Tissue processing and generation of immune organoids
Surgically excised lymph nodes or splenic tissue containing viable lymphoma cells were collected as fresh tissue in saline or PBS at diagnosis or relapse. Samples were mechanically dissociated in DPBS over ice utilizing a sterile pestle and stainless-steel cell dissociation sieve into single-cell suspensions, resuspended in freezing media (10% DMSO, 50% FBS, 40% RPMI), and stored in liquid nitrogen until preparation as immune organoids.

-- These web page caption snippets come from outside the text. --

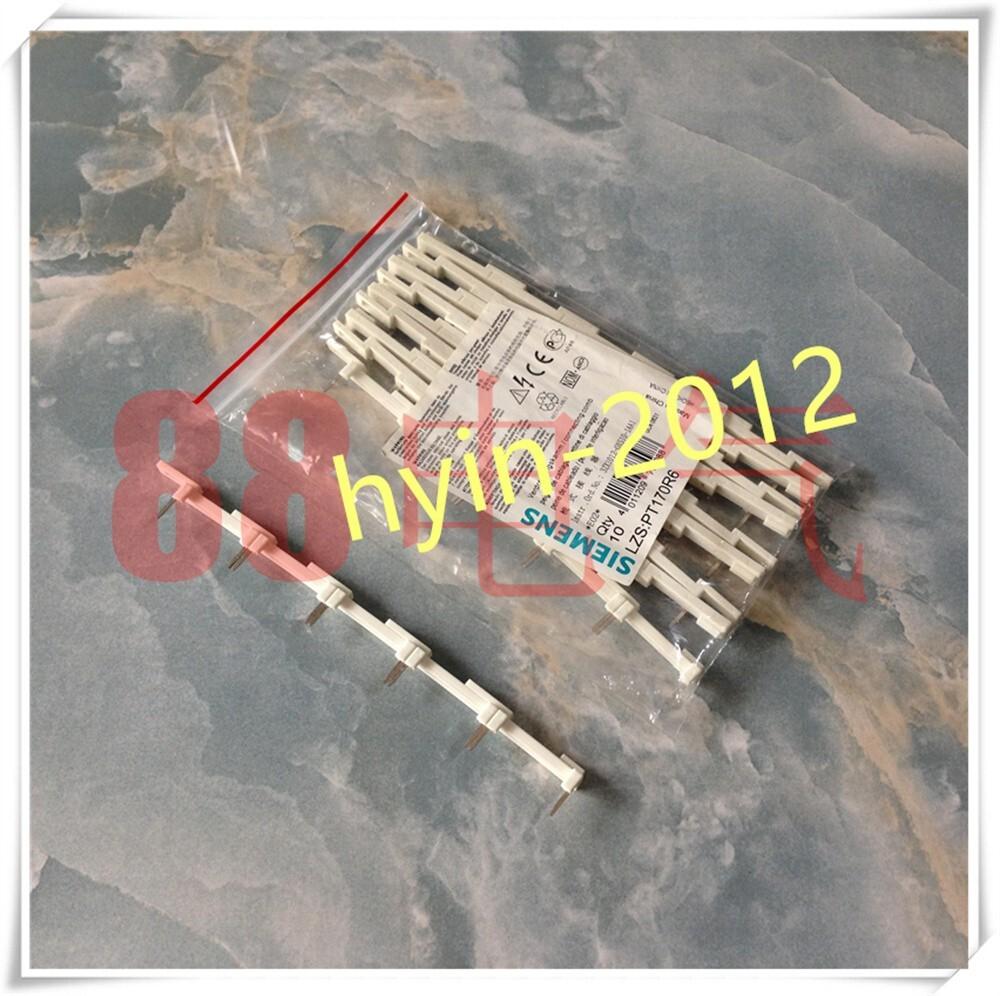 JUMPER LINK SCREW SOCKET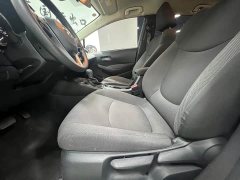 Toyota Corolla 1.5L Pioneer Edition - ფოტო 8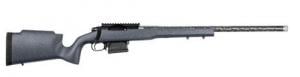 Proof Elebvation Mtr Rifle 7mmREM 24 1-9 Gray - 128466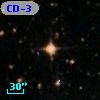 CD-33  5710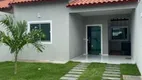 Foto 13 de Casa com 2 Quartos à venda, 100m² em Ribeira, Salvador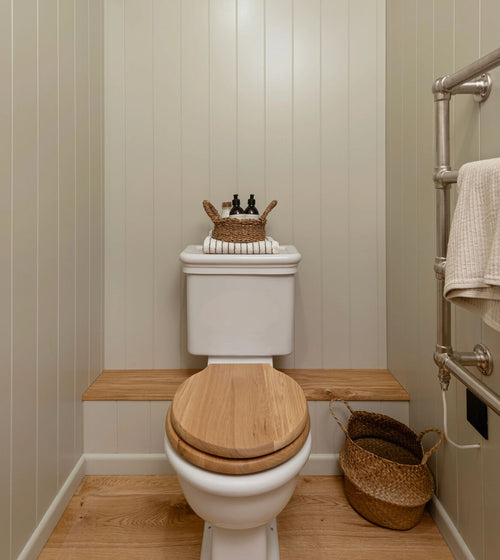 China Clay Paint Earthy Tone Paint China Clay Paint Earthy Tone Paint China Clay Paint Earthy Tone Paint China Clay Paint Earthy Tone Paint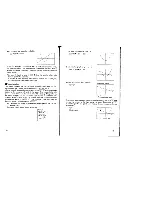 Preview for 35 page of Casio fx-7000GA Owner'S Manual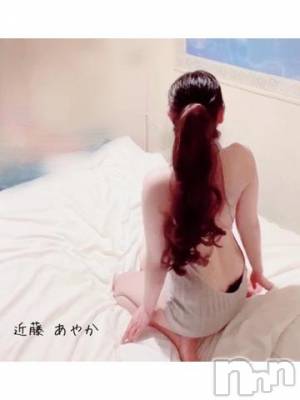 長岡デリヘル BIANCA～主人の知らない私～長岡店(ビアンカナガオカテン) 近藤　あやか(40)の5月9日写メブログ「おはようございます」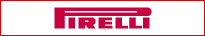 PIRELLI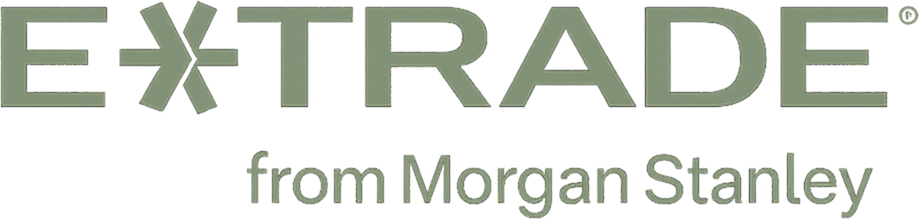 E*TRADE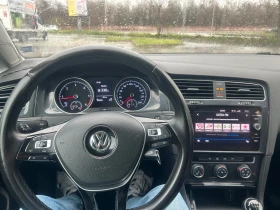 VW Golf | Mobile.bg � ����� ������ 3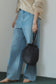 Apple 2Way Mini Bag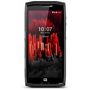 Voir la diapositive 3 : CROSSCALL Smartphone Core X5 128Go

To generate organoids, cryopreserved cells were thawed and excess DNA was removed with benzonase treatment (1:10,000 in media while thawing cells; Sigma). Cells were washed with RPMI+10% FBS and plated at a final density of 7.5 ×106/ml (200 μl final volume; 1.5×106 live cells/well) in flat 96-well ultra-low attachment plates (Corning). Organoid media was composed of RPMI1640 with glutamax, 10% FBS, 1x nonessential amino acids, 1x sodium pyruvate, 1x penicillin–streptomycin, 1x Normocin (InvivoGen), 1x Insulin-Transferrin-Selenium (ITS -G) supplement (Gibco). Cultures were incubated at 37°C, 5% CO2 with humidity and media was replenished every other day by exchanging 30% of the volume with fresh organoid media. Healthy tonsil organoids were generated and maintained as previously described22.
Flow cytometry
PDLOs were harvested and cells were washed with FACS buffer (PBS + 0.1% BSA, 0.05% sodium azide, and 2 mM EDTA) to remove any residual antibodies or factors generated during culture. Cells were first incubated with anti-kappa and -lambda light chain antibodies, Human TruStain FcX (Biolegend), and zombie viability stain (Biolegend) for 30 minutes on ice while protected from light. Cells were thoroughly washed with FACS buffer and stained with additional antibody cocktails for 30 minutes on ice (Supplemental Table 4). All data were collected using a Quanteon ACEA NovoCyte Quanteon (Agilent) flow cytometer and analyzed using FlowJo (v10.8) software.
Cytokine analysis
IFNγ, TNFα, and IL-10 in culture supernatants were measured using a custom 36-plex human cytokine Luminex assay (Millipore Sigma). Supernatants were diluted 1:1 and processed per manufacturer’s instructions, in duplicates, in a 96-well plate format on the MAGPIX multiplexing system (Luminex Corp). Standard curves were fit using five-parameter logistic regression on the xPONENT software (Luminex Corp).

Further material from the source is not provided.